Pros and Cons of DIY Appliance Repair
✔ You only need to pay for replacement parts
✔ You don’t need to worry about finding a trustworthy and affordable repair tech
✘ It will almost certainly take longer
✘ Improper repairs can void an appliance’s warranty
Pros and Cons of Hiring a Professional
✔ Pros have the experience, tools, and materials necessary to perform the repair quickly
✔ You don’t need to put in the time and effort personally
✘ You’ll have to pay both material and labor costs
✘ You may pay a service fee on top of materials and labor
The average cost of appliance repair service is typically a few hundred dollars, though it may be more or less, depending on the type of appliance and the problem. Make sure you leave room for appliance repair in your home improvement budget so you won’t experience financial stress from the costs of getting a major appliance fixed.

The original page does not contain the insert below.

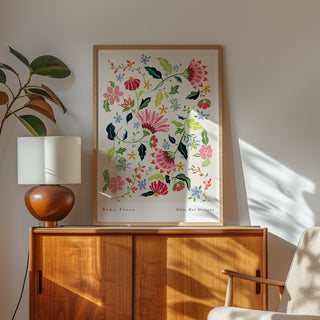boho flora chintz art print styled on wooden unit with mid century lamp and plant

Frequently Asked Questions About Appliance Repair Costs
Which appliances need the most repairs?
The most frequently repaired appliances are washers, dryers, refrigerators, dishwashers, and garbage disposals.
How long do home appliances last?
Although the lifespan of appliances varies somewhat by quality, here’s the expected durability of the average appliance:
- Refrigerator: 13 years
- Washer/dryer: 10 to 13 years
- Oven/range/cooktop: 13 to 15 years
- Garbage disposal: 8 to 12 years
- Dishwasher: 9 to 10 years
- Microwave: 9 years
Will a home warranty cover appliance repair costs?
Yes, a home warranty will pay for appliance repair if you have appliance coverage and the reason for the appliance’s malfunction falls under the terms of your contract. Typically, this means the appliance must have broken from wear-and-tear damage, though some companies may also cover conditions such as insufficient maintenance, improper repair, rust, sediment, or corrosion.